Abbey Nationals success made people forget the debacle of the changeover. In the years since its flotation, the Abbey National has continued to grow in what it terms its three mutually reinforcing businesses: U.K. retail banking, life assurance, and treasury operations, the latter a rapid-growth area for Abbey National since its conversion. Although the company had to sell its unprofitable real estate agency, Cornerstone, in 1993, in other areas it continues to prosper.

As the fourth largest bank in the United Kingdom, Abbey National offers a wide range of checking accounts and savings options. It aimed to widen its share of the mortgage market by acquiring, in 1994, the U.K. residential mortgage business of the Canadian Imperial Bank of Commerce, retitled Abbey National Mortgage Finance. In 1993, the company acquired a new subsidiary, Abbey National Life, which, together with the previously acquired Scottish Mutual, enabled Abbey National to provide its customers with wide coverage in life insurance, long-term savings, and pension products. The company is expanding its business in derivatives, having established in 1993 a joint operation with Baring Brothers & Co., Ltd., called Abbey National Baring Derivatives. In addition, the bank has operations in several European countries.

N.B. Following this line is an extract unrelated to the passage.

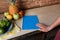 Healthy Food. Woman Hand on blue notebook, kitchen table with pineapple and fruit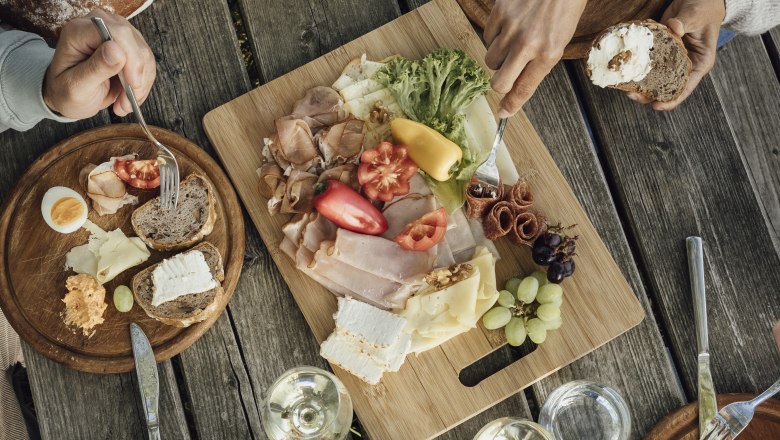 Heurigen snack, © Weinviertel Tourismus GmbH / Sophie Menegaldo A rustic wooden table with a snack of bread, cheese, cold cuts, vegetables and wine.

From the early years when the National and the Abbey Road came into being to meet political and social needs, through the growing years of British home ownership, to the Abbey Nationals pioneering change in status, the history of the company has mirrored modern financial trends. With a solid base of 12 million customers, a net lending figure of £3.2 billion, and an 18.5 percent share of the net mortgage lending market in 1993, it seems likely that the bank will continue to be at the forefront of new developments, as the United Kingdom has, in the words of the companys advertising slogan, got the Abbey habit.

Principal Subsidiaries:

Abbey National Financial Services Ltd.; Abbey National Homes Ltd.; Abbey National Investment Holdings Ltd.; Abbey National Life plc; Abbey National Personal Finance Ltd.; Abbey National Property Services Ltd.; Abbey National Treasury Services plc; Scottish Mutual Assurance plc.

Further Reading:

Ashworth, Herbert, The Building Society Story, London: Franey, 1980.

Barnes, Paul, A Shabbey Habit to Shake Off, Accountancy, December, 1989, pp. 25-26.

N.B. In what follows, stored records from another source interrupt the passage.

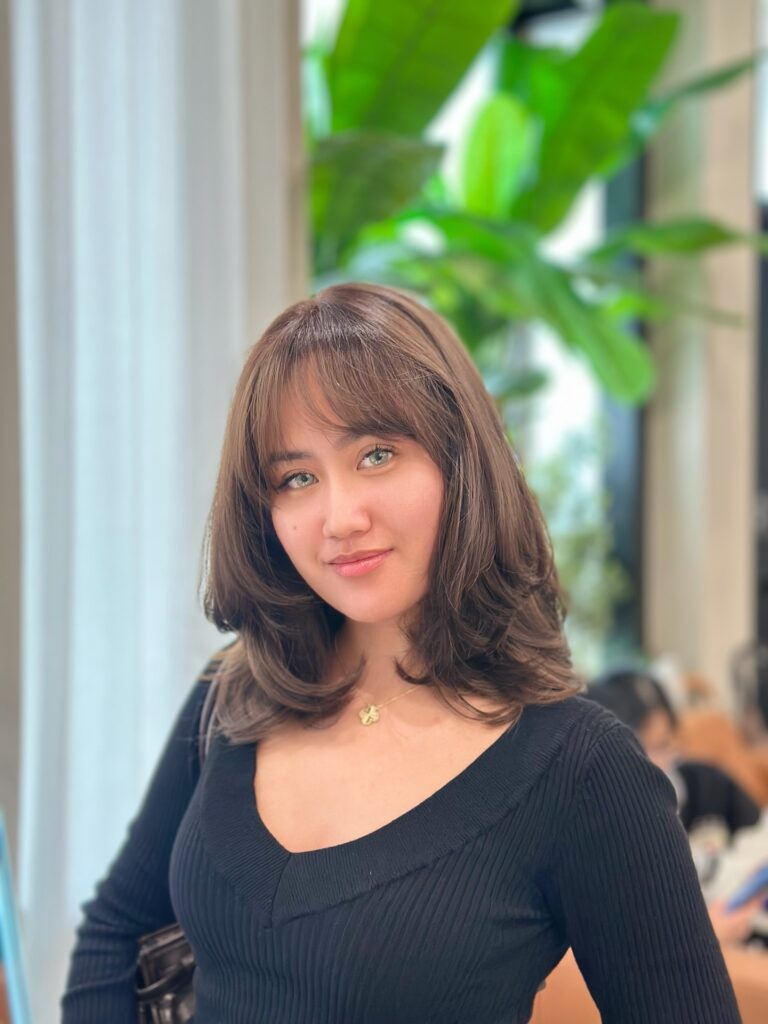 A young woman with medium-length ash brown hair featuring wispy bangs and soft face-framing layers.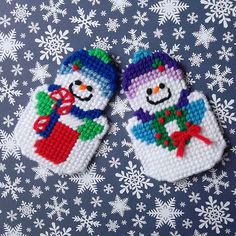 two knitted mittens with snowmen on them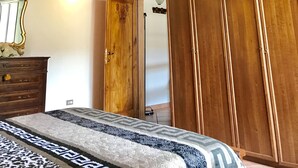 A bedroom with a wooden ceiling, a bed with patterned bedding, a wardrobe, and a mirror. - Andrea's House. Cls to all amenities. (Firenze)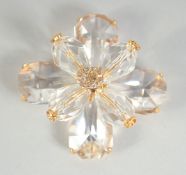 A LARGE CHANEL EIGHT PETAL FLOWER BROOCH with CC in diamante, in a Chanel box. 4.5cm diameter.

Bellman, Sir Harold, Bricks and Mortals: A Study of the Building Society Movement and the Story of the Abbey National Building Society, 1849-1949, London: Hutchinson, 1949.

Birch, Peter, Abbey National: A Continuous Process, Banking World, December, 1992, pp. 23-24.

Fry, John M., Abbey National Becomes a Company, Long Range Planning, Vol. 23, no. 3, 1990, pp. 49-56.

Price, Seymour J., Building Societies: Their Origins and History, London: Franey, 1958.

Reid, Margaret, Sir Christopher TugendhatAll-Purpose Top Person, Banking World, January, 1992, pp. 16-18.

Ritchie, Berry, A Key to the Door: The Abbey National Story, London: Abbey National plc, 1990.